Accomplishments that we're proud of
We are very proud that we were able to build a date and location parser with minimal NLP experience and still achieve upwards of 80% accuracy on the data we were able to extract -- all in under 24 hours!
We feel that we can refine our email processing techniques and the frontend web app going forward to create a robust user experience.
What we learned
NLP requires a strong understanding of the data you are working with.
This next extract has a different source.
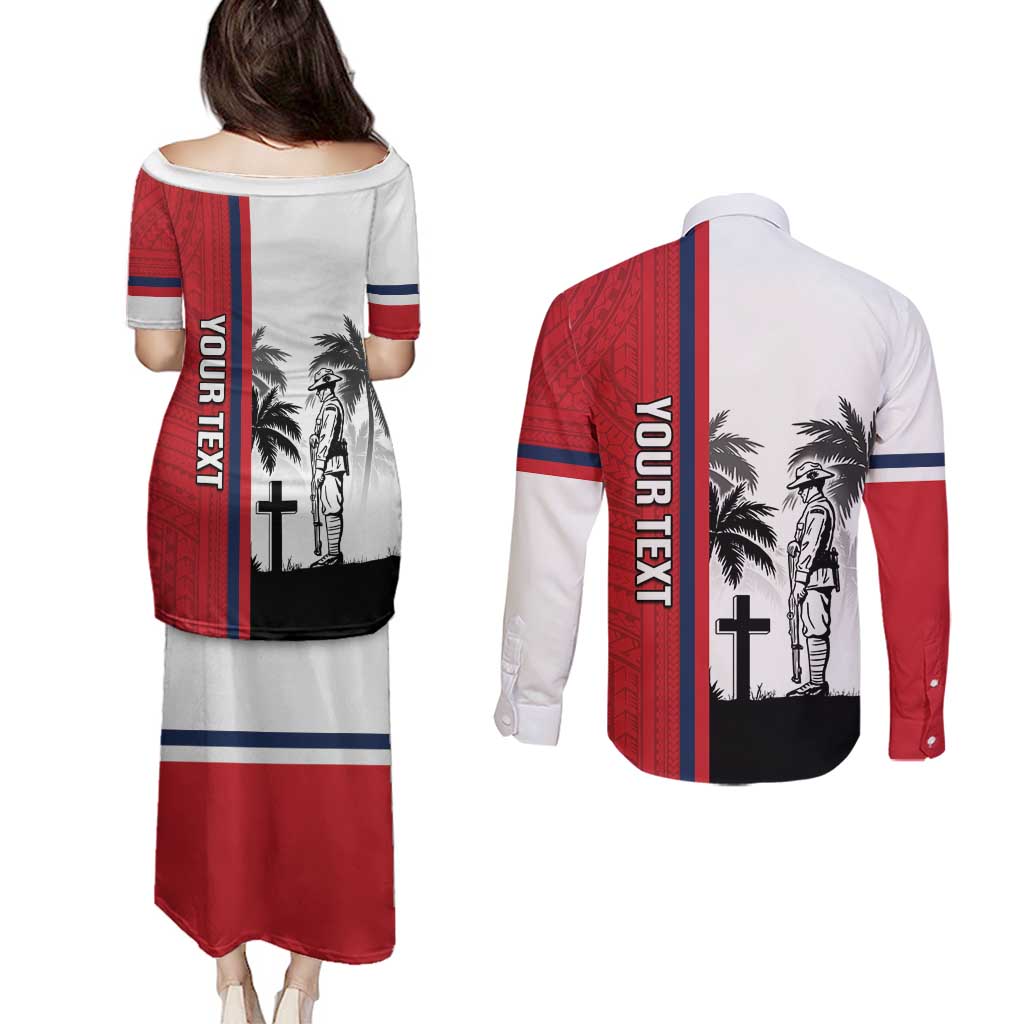 Wallis and Futuna Armistice Day Couples Matching Puletasi and Long Sleeve Button Shirt Lest We Forget Flag Style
In order for us to get the date and time accuracy that we did, we had to refine our algorithm extensively in order to extract and parse the data that truly mattered.
It was also our first time working with PHP and MySQL in depth, so that provided some good experience! (... even if we spent about an hour trying to figure out how to adjust the chmod folder permissions to get the PHP script to load...)
What's next for Noshocracy
There's a lot more we hope to implement going forward.
Jonathan has already started building a basic user login and authentication system so users can create unique profiles on the site. We hope this will allow users to also submit free food information they come across, like if someone has extra pizza to share at the Cube. Additionally, we would like to implement a reddit-like upvote/downvote system through which users can rate the quality of events so fellow users can make informed choices about what they would like to attend.
We also plan to continue refining the scraping and NLP scripts to improve efficiency and accuracy, and ultimately configure the scripts to run on a server, such that new free food events can be added to the site every time a new listserv blast is distributed to students.